Book Review: The Last Thing He Told Me by Laura Dave

Title: The Last Thing He Told Me
Author: Laura Dave
Publisher: Simon & Schuster
Publication date: May 4, 2021
Length: 320 pages
Genre: Thriller/contemporary fiction
Source: Review copy courtesy of the publisher via NetGalley
Rating:

Rating: 4 out of 5.

We all have stories we never tell.

Before Owen Michaels disappears, he manages to smuggle a note to his beloved wife of one year: Protect her.

Despite her confusion and fear, Hannah Hall knows exactly to whom the note refers: Owen’s sixteen-year-old daughter, Bailey. Bailey, who lost her mother tragically as a child. Bailey, who wants absolutely nothing to do with her new stepmother.

As Hannah’s increasingly desperate calls to Owen go unanswered; as the FBI arrests Owen’s boss; as a US Marshal and FBI agents arrive at her Sausalito home unannounced, Hannah quickly realizes her husband isn’t who he said he was. And that Bailey just may hold the key to figuring out Owen’s true identity—and why he really disappeared.

Hannah and Bailey set out to discover the truth, together. But as they start putting together the pieces of Owen’s past, they soon realize they are also building a new future. One neither Hannah nor Bailey could have anticipated.

In Laura Dave’s unputdownable new novel, Hannah is happily married to Owen, and trying her best to get Owen’s 16-year-old daughter to accept her, or at the very least, to not actively dislike her. Owen and Hannah met and married and moved in together in his Sausalito floating home, all within the space of two years. But suddenly, their life is irreparably disrupted.

Owen’s tech company’s CEO is arrested for fraud and stock manipulation. It’s a huge scandal, but making matters worse for Hannah and Bailey is that Owen disappears as the news breaks. He hasn’t been arrested, and he hasn’t been directly implicated or accused of wrong-doing. Instead, he simply vanishes, leaving Hannah a scrawled note telling her to protect Bailey.

Hannah can’t believe that Owen is anything but a victim of circumstance, but his cryptic note confuses her. She’s even more disturbed when a Federal Marshal and then the FBI come knocking on her door, all looking for information on Owen’s whereabouts. With no way to reach Owen and no idea what he could be hiding, Hannah suggests to Bailey that they take matters into their own hands and go look for him instead.

Based on some loose memories of Bailey’s from her early childhood, as well as hints from some of Owen’s stories of his college days, they’re soon on his trail — but Hannah is horrified to discover that none of the history Owen shared with her seems to be true. Not his real name, not his family background, not his education… and if all of this is fabricated, then who really is this man she fell in love with and married?

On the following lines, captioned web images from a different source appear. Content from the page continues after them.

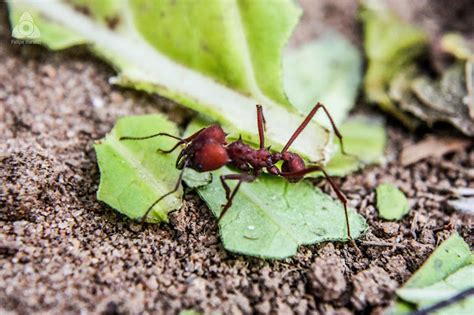 Aracno Garden Formigas já eram boas agricultoras antes dos seres humanos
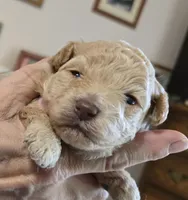 Pink, a female Poodle - Toy  for sale in Swainsboro, GA – 3 of 3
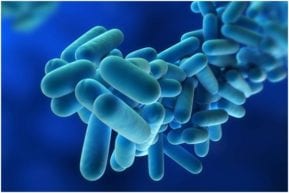 Our New Jersey personal injury attorneys report that Legionnaires disease is on the rise.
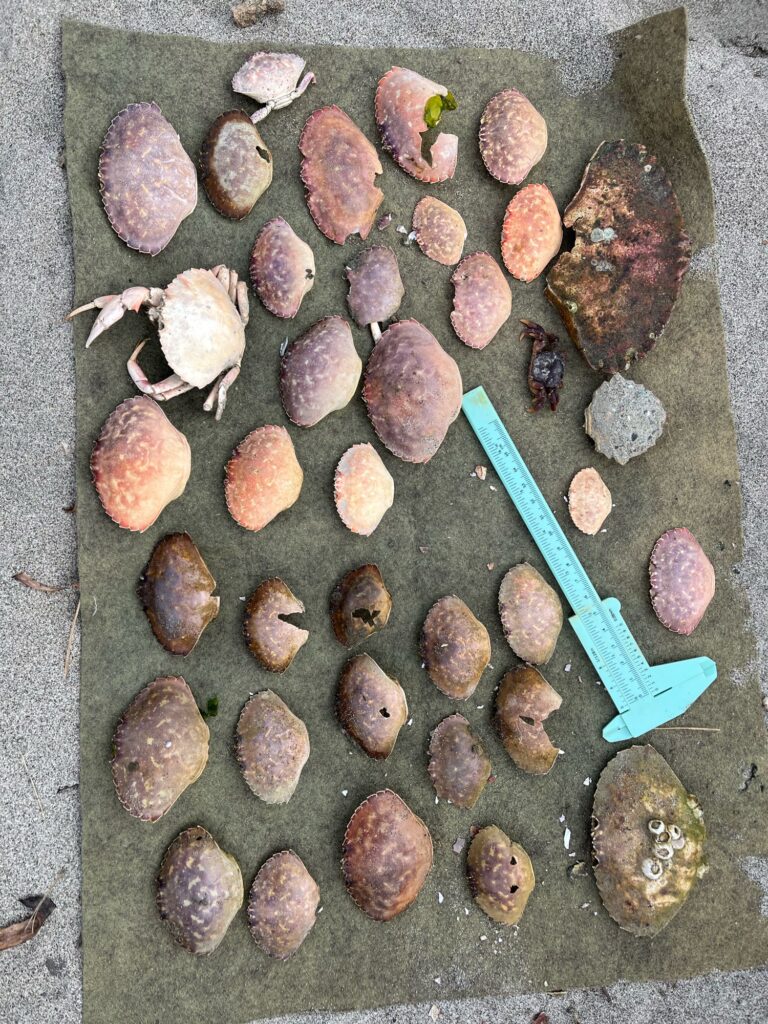 a group of rocks (MyCoast AI)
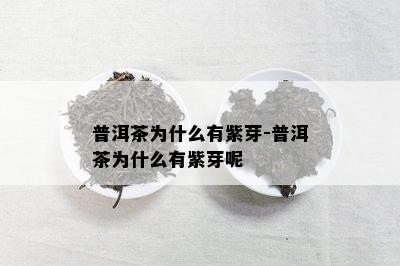 普洱茶为什么有紫芽-普洱茶为什么有紫芽呢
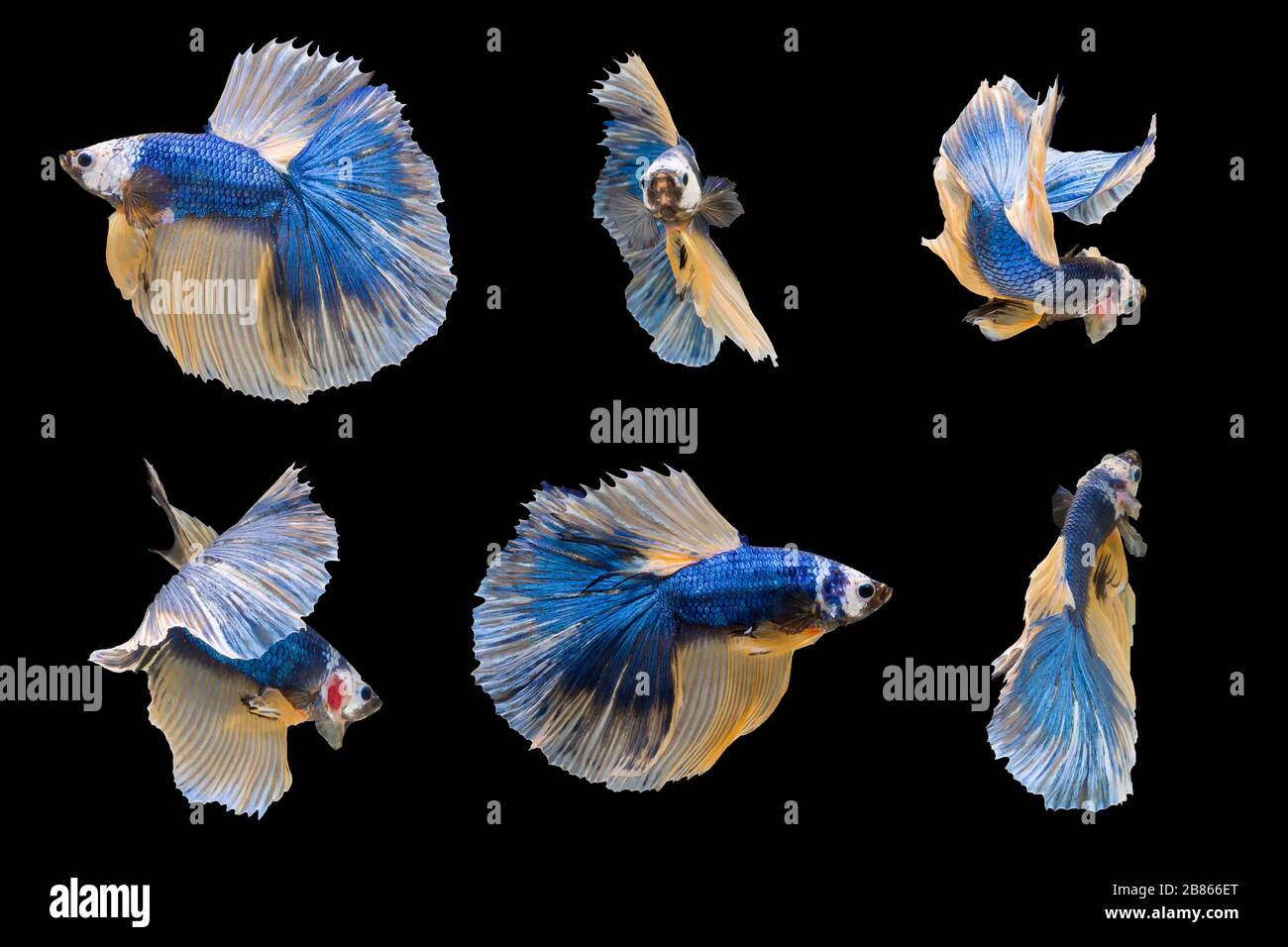 Six Betta fish, siamese fighting fish isolated on black background beautiful movement macro photo Stock Photo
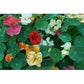 Renee's Garden Nasturtium Rainbow Whirlybird Mix Renee's Garden Nasturtium Rainbow Whirlybird Mix Flower Seed & Bulbs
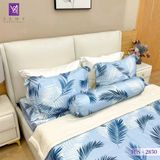  Bộ Chăn Ga Lụa Tencel Coolsilk TCS2850 
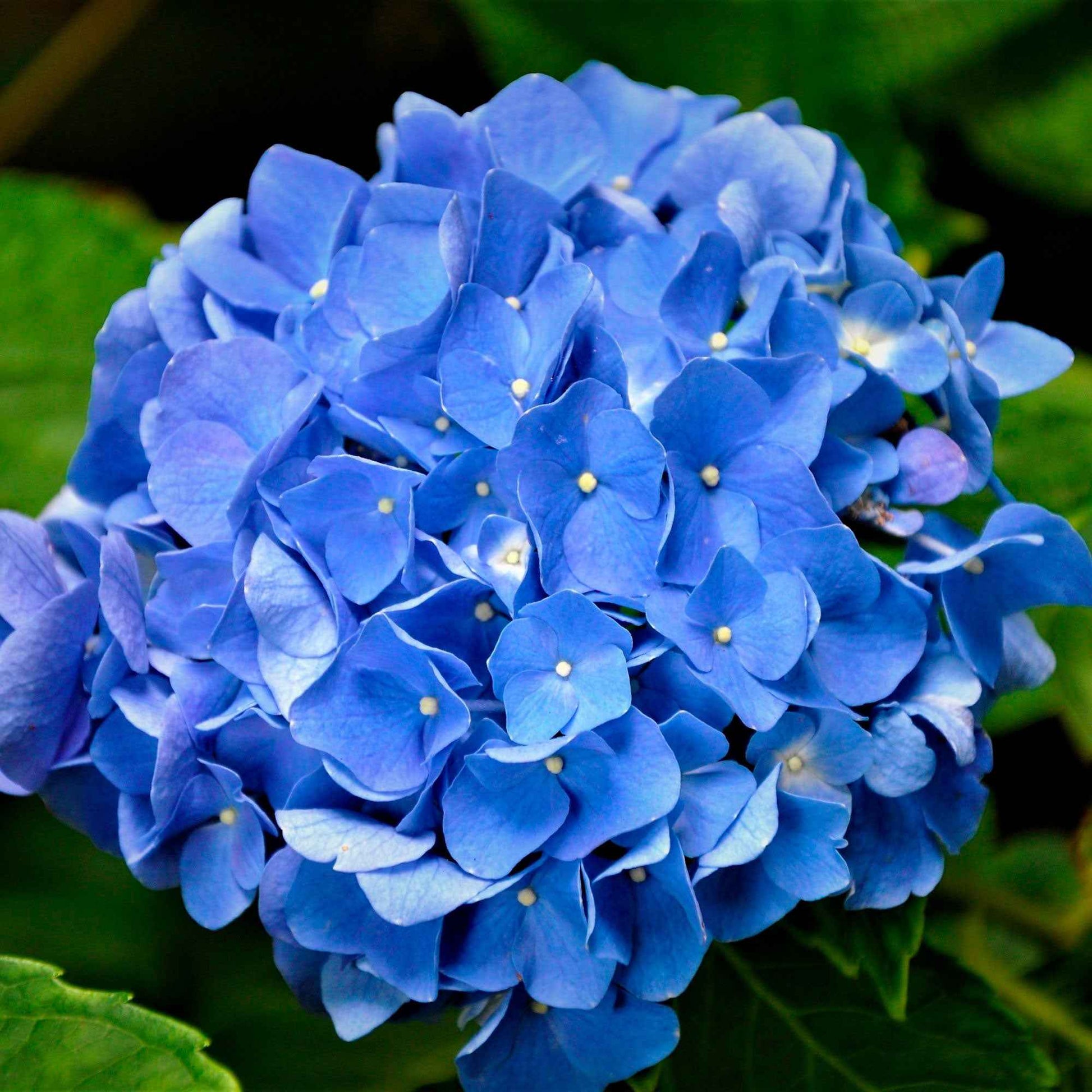 Verkauf Bauernhortensie macrophylla Blau - Hydrangea macrophylla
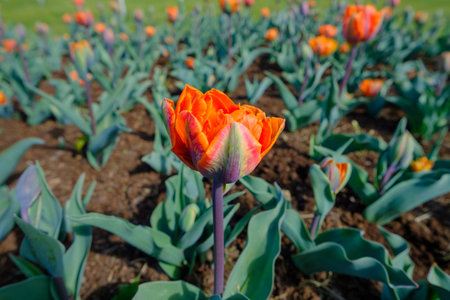 Orange tulips are blooming in the garden. Tulip flower with beautiful orange petals. An early...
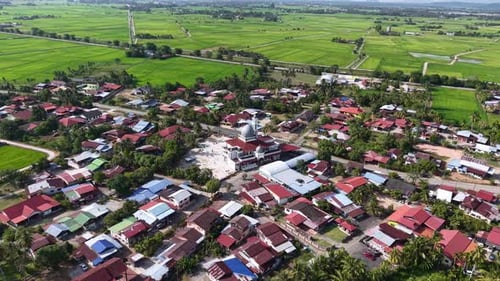 Aerial view of Penaga village mosque and rice fields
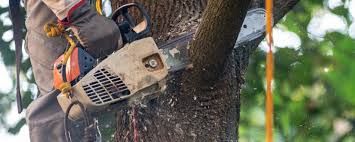 Why Choose Our Tree Removal Services in Goshen, CA?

Despite her own fears, Hannah realizes that she needs to honor Owen’s request to keep Bailey safe, even if Bailey seem to detest her and even if she doesn’t actually know what she’s protecting her from. But as they travel together to a new town and track down seemingly random facts and vague clues, they come to realize that they only have one another to rely on… and as they start putting the puzzle pieces together, Hannah becomes more and more certain that she may not like the answers she finds.

The Last Thing He Told Me is an intricately plotted web of misdirection and secrets. Through flashbacks, we see Hannah and Owen’s courtship and marriage, and learn the stories he shared with Hannah about his past. In the present, we see Hannah being truly there for Bailey, and Bailey’s grudging realization that Hannah might be the only person in the world she can fully count on.

There are deep, dark, dangerous secrets to be uncovered, and harsh truths for both Hannah and Bailey to confront. Ultimately, Hannah faces a decision that affects all of their lives, and only she has the ability to make sure that she’s choosing a path that carries out Owen’s wishes for Bailey.

I did not see where the story was going, and I was completely hooked on trying to figure out Owen’s secrets and why he behaved the way he did. Needless to say, the resolution was not what I expected! Kudos to the author for keeping me guessing all the way through!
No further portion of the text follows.